En el extremo opuesto existen las predicciones erróneas por falta de fe. La más famosa, cuando el presidente del Michigan Bank le dijo a Henry Ford: «El caballo está aquí para quedarse, el automóvil es solo una novedad, una moda», desaconsejándole invertir en su loco invento.

Pero ya podemos asegurar que los drones sí nos están cambiando la vida. Hace poco, el derribo de un dron norteamericano por parte de Irán estuvo a punto de provocar que el patoso Donald liase una guerra mundial. Como todo invento de gran alcance, el dron conlleva aspectos positivos y negativos. Tal como pasó con la tele, el móvil o internet, debemos aprender a usarlo y ponerle coto donde sea necesario.

El dron, de momento, campa a sus anchas, bloquea gigantescos aeropuertos, nos multa desde el cielo y puede caernos en la cabeza en cualquier momento.
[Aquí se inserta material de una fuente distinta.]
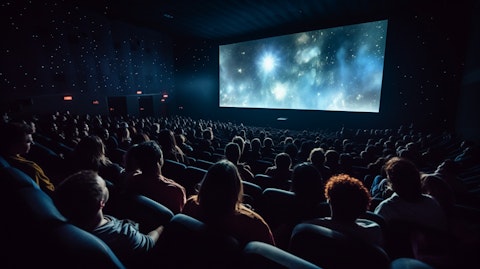 An audience gathered in an IMAX theater, enjoying the cinematic experience.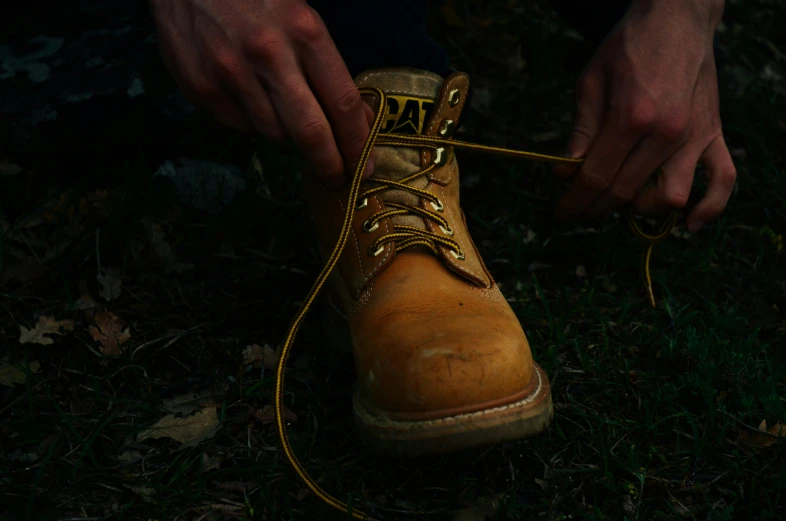 a man is tying his boots with the laces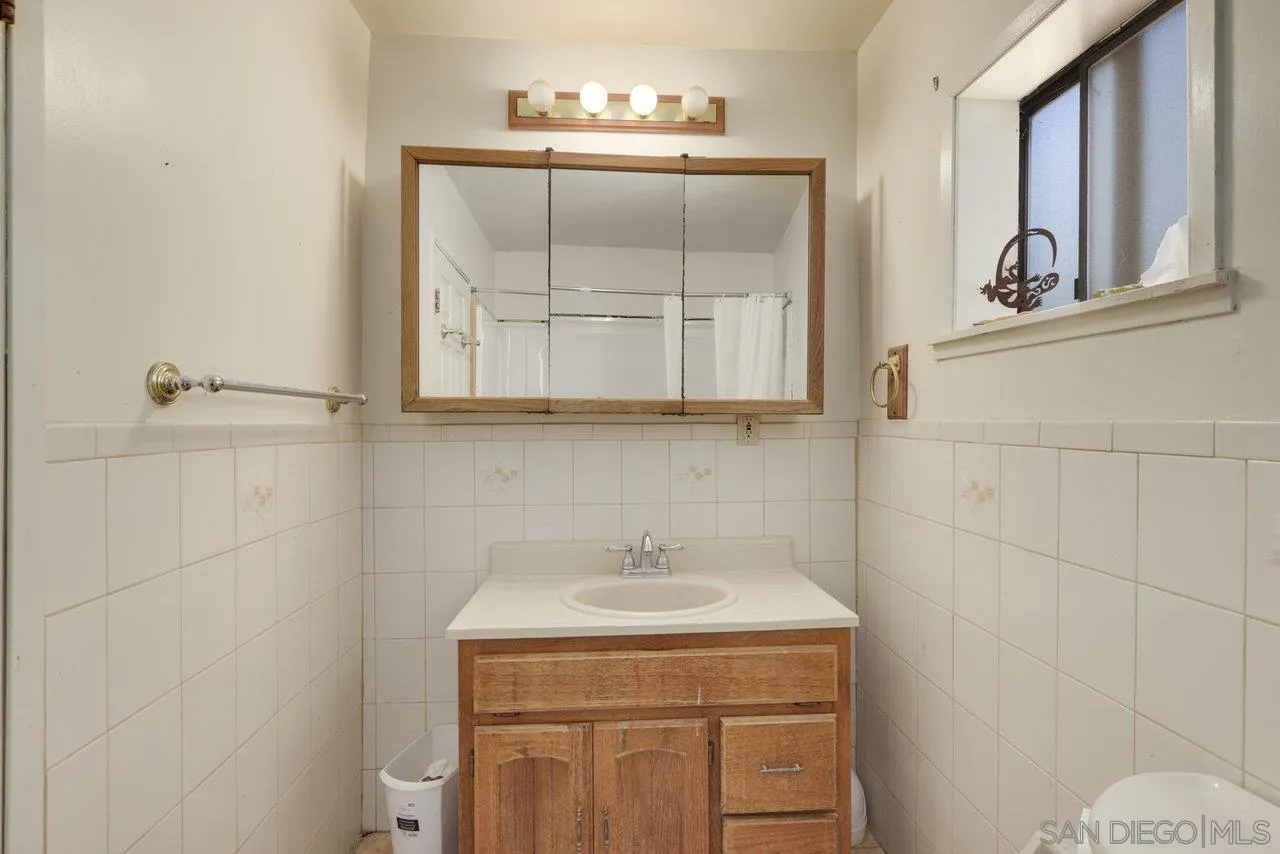 2212 Sonora Way Ramona, CA 92065 - Photo 16 of 29 a bathroom with a sink a vanity and a mirror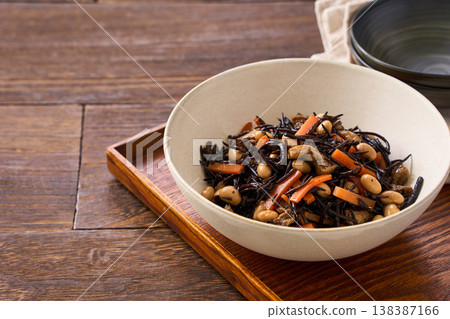 Simmered hijiki seaweed with carrots, soybeans, and fried tofu - a Japanese side dish. 138387166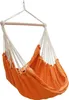 An orange fabric hammock chair suspended by white ropes from a wooden spreader bar. Podgląd zdjęcia produktu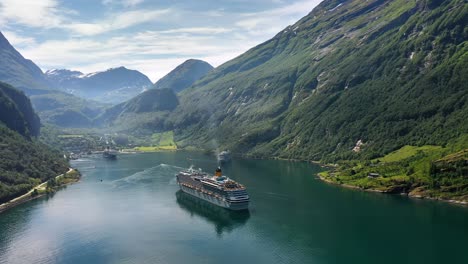 cruise liners on geiranger fjord, norway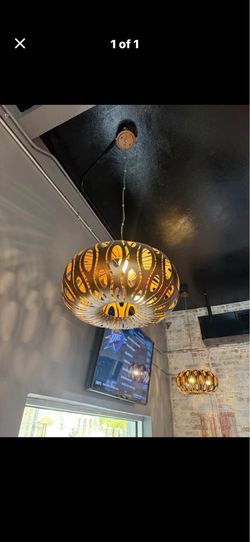 Two round decorative ceiling lights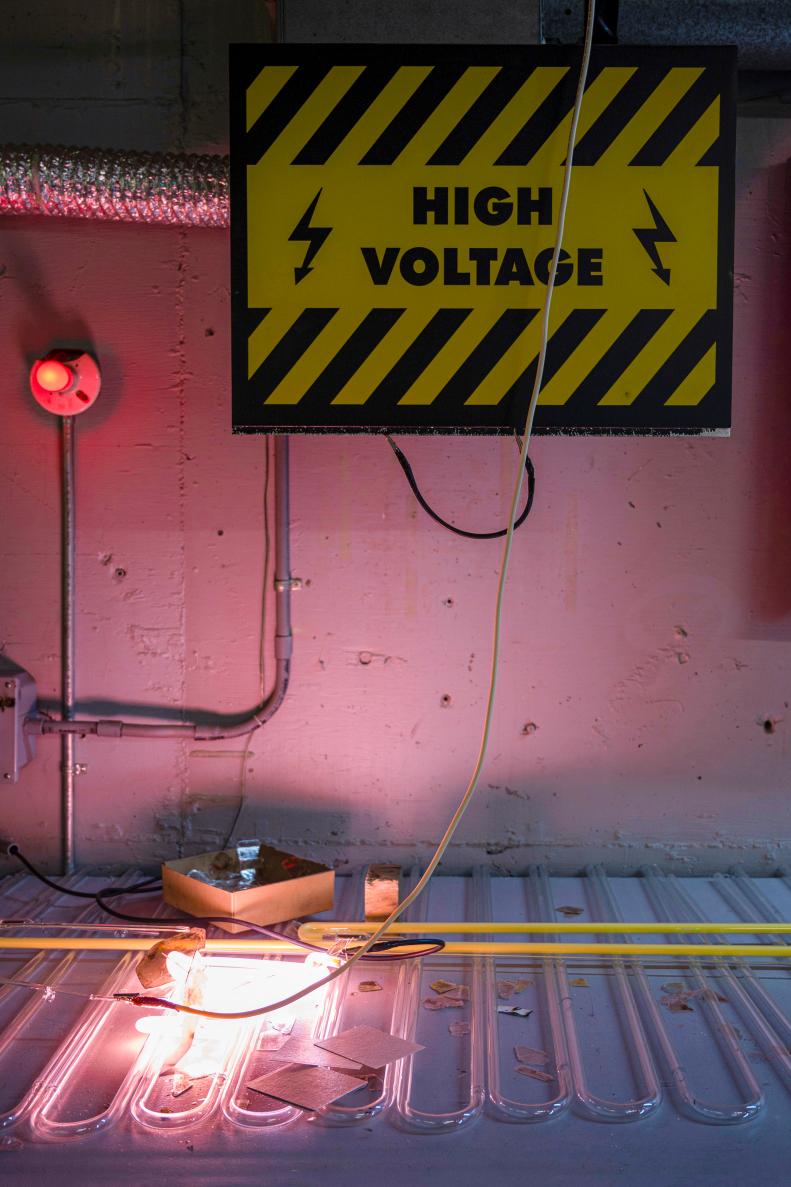 High Voltage Sign and Red Light at Work Station With Bright Neon Sign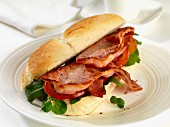 A bread roll filled with bacon, tomatoes, rocket and watercress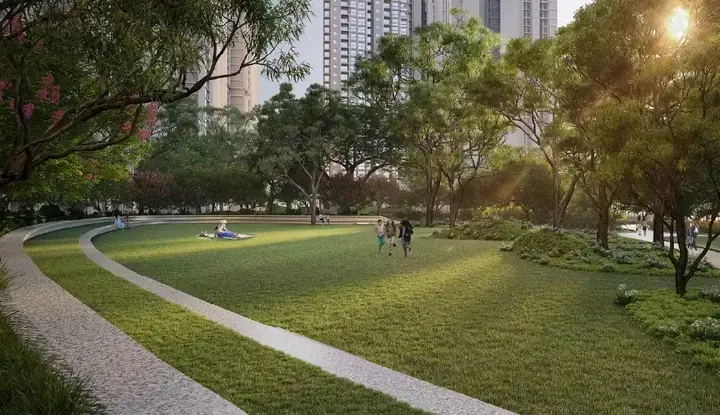 Open central lawn with a curved walking path between the Purvankara Northern Lights towers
Claro que asusta menos que un Boeing 737, pero ¿y cuándo haya miles sobrevolándonos? De momento el dron ha acabado con el concepto de intimidad -ríete de Google-: pueden filmar toda tu vida sin que apenas te apercibas. Deberemos dejar de hurgarnos la nariz por la calle. El dron está desvelando definitivamente el paisaje planetario, ya no hay espacio virgen, todo es escrutable a una distancia ridícula y con precisión milimétrica. El dron nos dejará los paquetes -o las bombas- justo en el dedo gordo del pie si es preciso. Y lo más sorprendente es que al final, el zángano será capaz de llevarnos a nosotros mismos volando. Se cumplirá así por fin el sueño de Ícaro. Podremos volar. Aunque ya sabemos cómo acabó la hazaña. Cuidadín.